> _Exercise directions_:
Each line below from the one containing "Juicy couture ljusblå" through the one containing "عسل طبیعی بقالزاده،" should be output exactly as it stands, and no other line should appear.

> _Dataset items_:
__________________________________________________

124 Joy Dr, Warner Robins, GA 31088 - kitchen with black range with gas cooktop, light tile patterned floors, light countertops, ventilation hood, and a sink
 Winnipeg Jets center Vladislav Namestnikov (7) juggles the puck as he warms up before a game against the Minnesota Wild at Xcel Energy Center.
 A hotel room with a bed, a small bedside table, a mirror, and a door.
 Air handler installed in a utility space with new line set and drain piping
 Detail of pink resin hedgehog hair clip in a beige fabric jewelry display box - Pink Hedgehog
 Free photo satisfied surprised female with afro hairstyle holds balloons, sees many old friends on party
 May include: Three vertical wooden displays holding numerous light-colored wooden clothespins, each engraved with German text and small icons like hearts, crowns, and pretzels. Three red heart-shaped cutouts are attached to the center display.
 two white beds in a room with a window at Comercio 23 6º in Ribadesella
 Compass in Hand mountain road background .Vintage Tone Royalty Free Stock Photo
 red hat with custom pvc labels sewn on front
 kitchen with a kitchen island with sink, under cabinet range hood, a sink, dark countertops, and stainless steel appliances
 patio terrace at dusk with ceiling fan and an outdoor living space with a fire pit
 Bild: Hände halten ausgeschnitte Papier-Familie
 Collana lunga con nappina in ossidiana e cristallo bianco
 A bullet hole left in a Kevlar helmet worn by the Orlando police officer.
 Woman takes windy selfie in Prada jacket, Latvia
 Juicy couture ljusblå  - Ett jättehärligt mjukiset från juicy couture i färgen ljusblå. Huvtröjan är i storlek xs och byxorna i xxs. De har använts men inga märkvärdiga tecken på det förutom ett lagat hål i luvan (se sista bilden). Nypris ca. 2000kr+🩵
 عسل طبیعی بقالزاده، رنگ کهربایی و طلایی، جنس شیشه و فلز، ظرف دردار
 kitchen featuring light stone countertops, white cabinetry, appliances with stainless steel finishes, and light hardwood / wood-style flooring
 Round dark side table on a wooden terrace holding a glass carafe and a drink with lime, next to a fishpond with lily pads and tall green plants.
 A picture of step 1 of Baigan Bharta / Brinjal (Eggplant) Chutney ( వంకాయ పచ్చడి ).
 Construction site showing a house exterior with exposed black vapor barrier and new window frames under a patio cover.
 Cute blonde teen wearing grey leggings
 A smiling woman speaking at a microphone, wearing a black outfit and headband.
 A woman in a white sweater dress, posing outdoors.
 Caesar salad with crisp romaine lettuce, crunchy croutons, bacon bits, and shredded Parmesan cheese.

__________________________________________________

> _Solution to this exercise_:
 Juicy couture ljusblå  - Ett jättehärligt mjukiset från juicy couture i färgen ljusblå. Huvtröjan är i storlek xs och byxorna i xxs. De har använts men inga märkvärdiga tecken på det förutom ett lagat hål i luvan (se sista bilden). Nypris ca. 2000kr+🩵
 عسل طبیعی بقالزاده، رنگ کهربایی و طلایی، جنس شیشه و فلز، ظرف دردار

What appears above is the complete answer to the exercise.